I've talked a lot about things that we are concerned about. But our first goal as the regulator is always to help trustees to get things right, and to make sure that they have good information to help them do that. As part of our commitment to this we have recently released our new online education course for trustees.
I highly recommend this course for all trustees. Each module of this course has its own knowledge check to verify understanding of each topic and so the course also satisfies the requirements of an 'approved course' required to be undertaken in response to a direction to educate and will enable immediate visibility in our systems of compliance by a trustee. Access to this course is available via the ATO website and is also free.

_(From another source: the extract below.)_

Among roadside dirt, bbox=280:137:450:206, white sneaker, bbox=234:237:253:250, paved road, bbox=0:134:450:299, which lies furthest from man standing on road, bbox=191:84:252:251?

I encourage you to visit our booth in the main hall where you can test drive this course for yourself. My team are looking forward to walking you through it and answering your questions.

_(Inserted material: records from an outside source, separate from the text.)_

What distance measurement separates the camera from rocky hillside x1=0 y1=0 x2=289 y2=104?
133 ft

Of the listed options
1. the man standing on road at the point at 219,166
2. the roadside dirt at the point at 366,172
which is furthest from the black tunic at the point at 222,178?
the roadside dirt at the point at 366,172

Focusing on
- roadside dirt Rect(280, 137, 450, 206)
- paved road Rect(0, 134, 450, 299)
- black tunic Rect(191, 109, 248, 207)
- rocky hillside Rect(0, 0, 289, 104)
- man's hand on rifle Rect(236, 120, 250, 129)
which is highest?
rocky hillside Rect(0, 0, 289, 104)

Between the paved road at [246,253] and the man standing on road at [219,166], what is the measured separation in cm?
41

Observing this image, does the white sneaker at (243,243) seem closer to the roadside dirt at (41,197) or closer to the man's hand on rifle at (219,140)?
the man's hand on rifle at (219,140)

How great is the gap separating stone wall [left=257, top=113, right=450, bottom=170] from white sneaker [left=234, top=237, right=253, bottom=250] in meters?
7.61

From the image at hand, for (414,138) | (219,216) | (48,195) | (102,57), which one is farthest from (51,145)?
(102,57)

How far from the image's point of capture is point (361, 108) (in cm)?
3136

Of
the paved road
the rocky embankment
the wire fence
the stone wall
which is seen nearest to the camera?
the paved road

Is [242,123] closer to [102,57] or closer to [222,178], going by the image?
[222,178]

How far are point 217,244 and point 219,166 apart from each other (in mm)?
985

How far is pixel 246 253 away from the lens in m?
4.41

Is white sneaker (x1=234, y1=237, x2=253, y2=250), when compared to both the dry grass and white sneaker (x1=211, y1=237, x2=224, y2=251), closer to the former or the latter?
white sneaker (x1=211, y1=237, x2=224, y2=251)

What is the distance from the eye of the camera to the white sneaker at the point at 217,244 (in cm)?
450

At our booth you will also be able to access lots of information to assist you in supporting trustees and members and be able to get your hands on the last to be published in our suite of SMSF lifecycle publications, Running an SMSF. And if you missed out last year, we also have copies of our other two lifecycle publications, Starting an SMSF and Winding up an SMSF, so swing by and grab a copy.
Lastly, another thing to be mindful of, with the proposed commencement of Payday Super in July 2026, this reform will almost certainly drive significant change for funds in the way contributions are received and the biggest mistake you can make is to think that Payday Super is just an employer problem.
SMSFs will need to be prepared to receive contribution payments and data for their members more frequently and faster than they currently do, and that they remain compliant with their SuperStream obligations.
We are improving SuperStream contribution error messaging to help employers more easily understand why a contribution could not be allocated. We are also exploring new messages within the SuperStream data channel that will assist employers confirm choice account and member information before making the first contribution payments. This will significantly reduce the most common errors that occur today. One of these common errors relate to SMSFs where the Electronic Service Address was never activated with the provider or is no longer active, meaning the employer receives a SuperStream error message, but do not receive any refunded contributions that should be returned with that error. SMSFs should ensure they have an active ESA that will receive SuperStream contribution data to continue receiving contributions from employers.
I am sure you will agree with me when I say that managing one's own super is a privilege and everyone involved in the SMSF sector should ensure that they demonstrate the required care, skill and diligence expected of them, to ensure that individuals have adequate retirement savings to meet their retirement goals.
With a combined asset pool of over $1 trillion dollars, you can expect to see us take our role as regulator seriously. Whilst each of our respective roles in the sector comes from different perspectives, undoubtedly a common objective for us all is that we want SMSFs to continue to thrive well into the future. We are all custodians of the system, and we want trust and confidence in the credibility of SMSFs as a retirement planning choice to remain strong.
Thank you and I will now hand back to Tracey.